Fourth, Mr Klooster points out, correctly, that Tanamerah does not lead objective evidence to support an assessment of its assets and liabilities. In submissions as to whether Tanamerah had rebutted the presumption of insolvency (which I have held is not applicable), which are also relevant to the question of its solvency in fact, Mr Krochmalik accepted that Tanamerah had not led detailed evidence of its financial position and that, for example, its financial statements were not in evidence. He submitted, by reference to authority, that it would be oppressive if a "small, viable company, with no creditors" were required to expend significant sums to employ an external accountant to analyse its books and records to rebut a presumption of insolvency: Commonwealth Broadcasting Corp Pty Ltd v Pacific Mobile Phones Pty Ltd [2008] QSC 210 at [29]; (2008) 219 FLR 422; SY Financial Services Pty Ltd v Risk Business Pty Ltd [2015] VSC 421 at [49]. It seems to me that that proposition is of little assistance to Tanamerah, since it is not a company "with no creditors" but instead a company which owes substantial judgment debts that have been unpaid for a long period.
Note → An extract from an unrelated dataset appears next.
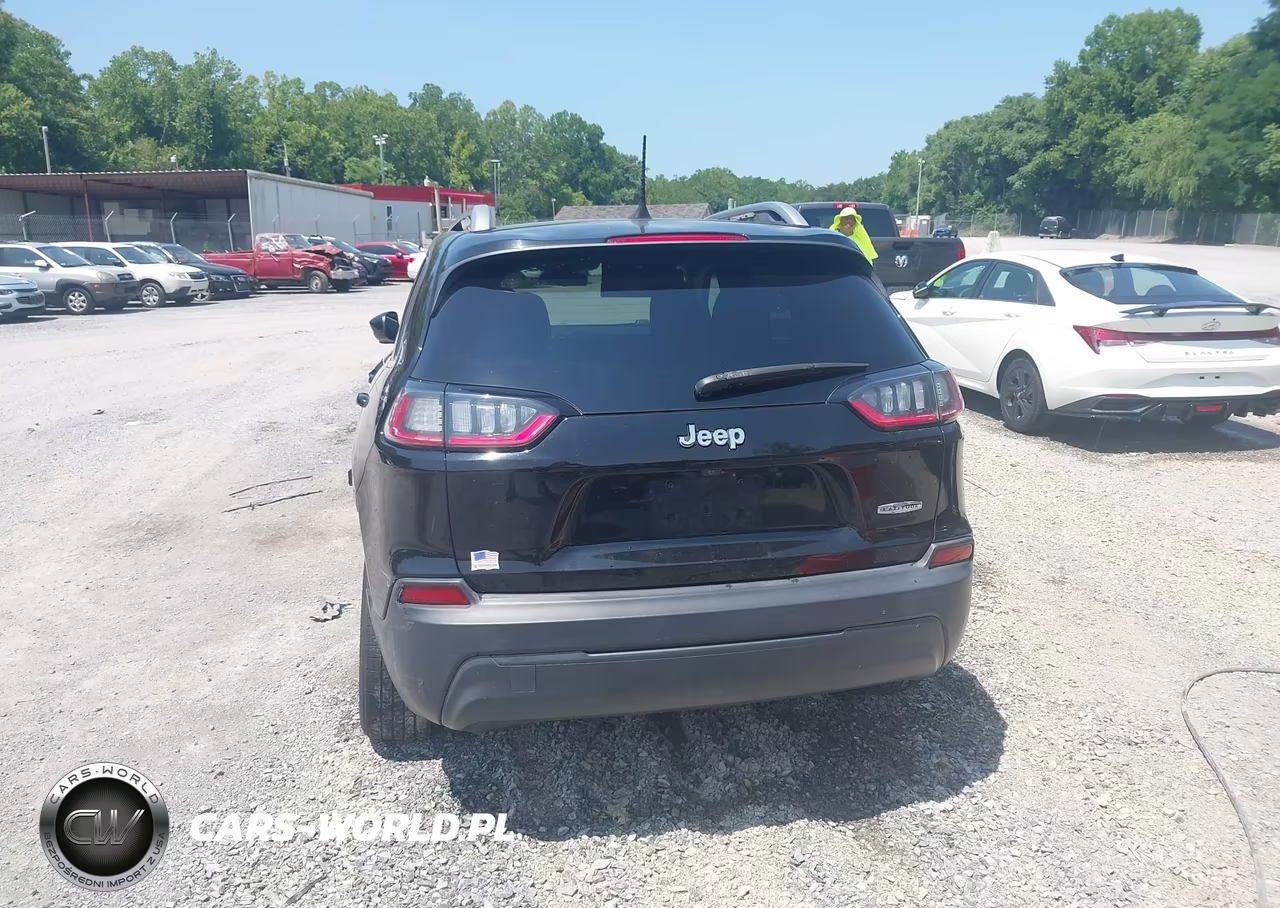 2019 Jeep Cherokee Latitude Fwd VIN:1C4PJLCB1KD269923 - 16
Fifth, Mr Klooster submits that, even if Tanamerah had a right of indemnity from the assets of ASF, there is no evidence as to the value of those assets. Tanamerah, on the other hand, submits that it has a right of indemnity and reimbursement from the superannuation fund of which it is trustee under s 59(4) of the Trustee Act 1925 (NSW) and equitable principles. There is no evidence as to the value of the assets of AFT (including the value of the asserted cause of action against Tibra, as distinct from the amount claimed) and also no evidence that any such assets can be realised in a timely way to meet the judgment debts.
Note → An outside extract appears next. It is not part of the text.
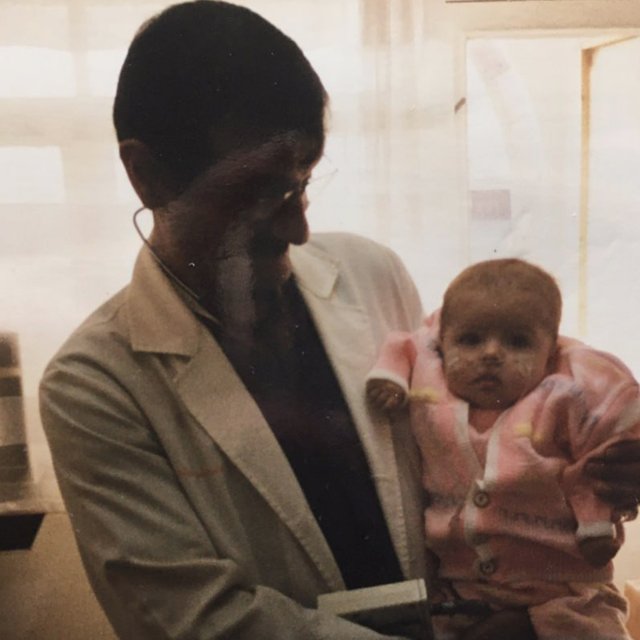 «Живой ты её отсюда не увезёшь». История девочки, от которой отказывались врачи, но помогли случайные люди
Tanamerah also relied on the matters raised in Mr Tydeman's third affidavit dated 27 September 2016, by reference to the suggested offsetting claim, to submit that it was solvent. That affidavit refers to matters which I understand to be the substance of the issues in dispute in the First Proceedings. Mr Tydeman contends that Tibra was required to pay market value to acquire Tanamerah's shares in Tibra under the terms of a shareholders' agreement; Tanamerah served a transfer notice in accordance with clause 11.3 of that shareholders' agreement on 10 January 2011; Tibra's chief financial officer determined the market value for the shares to be acquired from Tanamerah as $4.28 per sale share, or $992,232.40 in total on 1 March 2011; Tanamerah gave notice requiring Tibra to proceed with the transaction on 30 March 2011; and Tibra completed the transaction by transferring the sale shares held by Tanamerah to itself, at a value of $1.88 per share for a total of $435,840.40. Tanamerah submits that there is a "genuine unresolved and offsetting claim" against Tibra for at least $556,392 to complete the sale of the shares, together with interest of $204,836.02 from 9 June 2011.
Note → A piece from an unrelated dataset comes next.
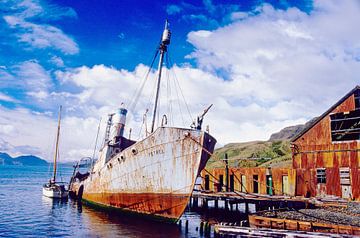 The Whaler Ship - Analoge Fotografie! von Tom River Art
No evidence was led by either party that would allow the Court to determine whether the earlier value of $4.28 per sale share attributed by Tibra to the shares, or the later value of $1.88 attributed by Tibra to the shares, or a different value for the shares, was correct, if that is a relevant matter. The evidence establishes only that Tibra had assessed those shares at two different values at different times; Tanamerah now seeks to support the higher value; Tibra now seeks to support the lower value; and the First Proceedings addressed to that dispute have been stayed since 2012, by reason that Tanamerah has not appointed legal practitioners to conduct them on its behalf. As I have noted above, these matters are not available to support an offsetting claim in this application. It seems to me that these matters also do not support Tanamerah's solvency, where its claim in the First Proceedings will not lead to a recovery in the foreseeable future, since, quite apart from any question of the merit of that claim, it cannot be pursued while the stay of the First Proceedings remains in place.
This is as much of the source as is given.